Trasporto merci pericolose: nuova direttiva europea per uniformare i controlli

ll Parlamento europeo ha approvato la proposta di direttiva del Parlamento europeo e del Consiglio 2021/0275 (COD), relativa a procedure uniformi in materia di controllo dei trasporti su strada di merci pericolose.

Il nuovo atto legislativo, che entrerà in vigore il prossimo 13 novembre, abroga la direttiva 95/50 e le modifiche e integrazioni successive.

I punti cardine della nuova direttiva (2022/1999 del 19 ottobre) pubblicata nella Gazzetta Ufficiale europea dello scorso 24 ottobre sono:

1. individuare le principali infrazioni nel trasporto di merci pericolose, classificandole in tre differenti categorie di rischio;

2. uniformare le procedure dei controlli tra gli Stati membri dell’Unione europea;

3. prevedere controlli sia su strada che in sede.

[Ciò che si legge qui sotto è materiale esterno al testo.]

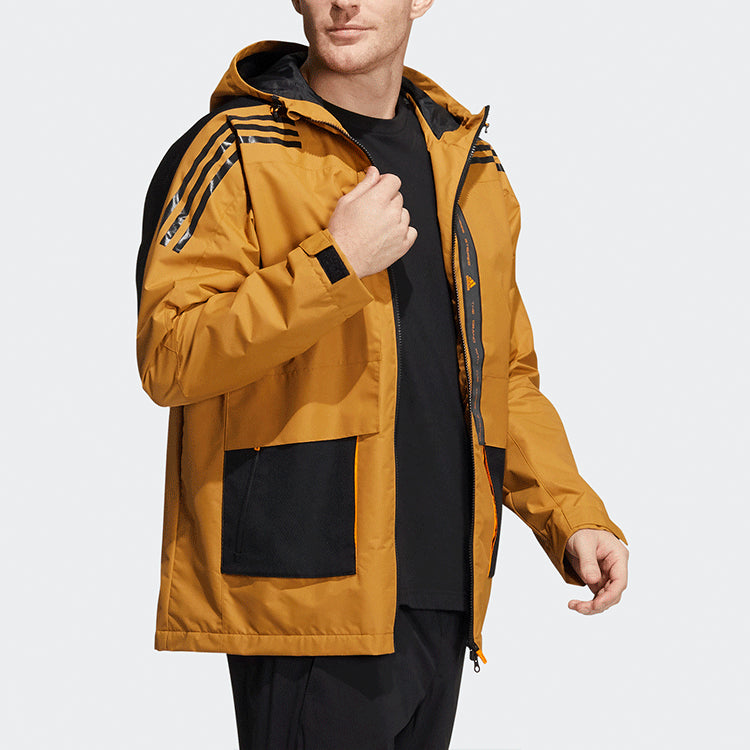 Men's adidas Contrasting Colors Sports Training Casual Hooded Jacket Wheat Brown HE7403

Questa direttiva si applica ai controlli che gli Stati membri esercitano sui trasporti su strada di merci pericolose effettuati per mezzo di veicoli che circolano nel loro territorio o che vi entrano in provenienza da un Paese terzo. Essa non si applica ai trasporti di merci pericolose effettuati da veicoli che appartengono alle forze armate o che si trovano sotto la responsabilità di queste ultime.

In base a quanto stabilito, gli Stati membri dovrebbero assicurare un livello sufficiente di controlli eseguiti su tutto il loro territorio evitando di aumentare esponenzialmente i controlli sui veicoli che ne sono oggetto. La direttiva in oggetto prevede che sia necessario effettuare i controlli utilizzando una lista di elementi comuni applicabili al trasporto di merci pericolose in tutta l’Unione europea. Inoltre, la stessa direttiva in esame contiene una lista di infrazioni ritenute sufficientemente gravi da tutti gli Stati membri tanto da comportare l’applicazione di misure adeguate a mantenere la sicurezza.

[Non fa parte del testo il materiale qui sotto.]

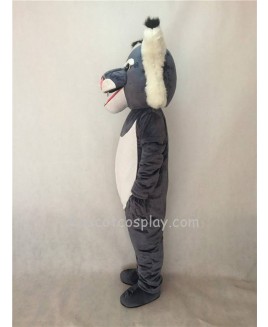 Cute Grey Wildcat Mascot Costume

Al fine di assicurare il rispetto delle norme di sicurezza del trasporto su strada di merci pericolose, la direttiva prevede anche controlli nelle imprese a titolo preventivo.

Le verifiche, recita il provvedimento, saranno effettuate a campione su un’ampia parte della rete stradale, saranno di una durata adeguata e in luoghi tali da permettere, se necessario, di immobilizzare il veicolo senza compromettere la sicurezza degli altri utenti della strada.

Infine, nell’ottica di implementare sempre più una collaborazione ed uno scambio di informazioni tra i Paesi comunitari, la direttiva disciplina anche che la cooperazione tra gli Stati membri, in presenza di violazioni accertate nel territorio di un Paese diverso da quello di immatricolazione del veicolo o dove ha sede l’impresa.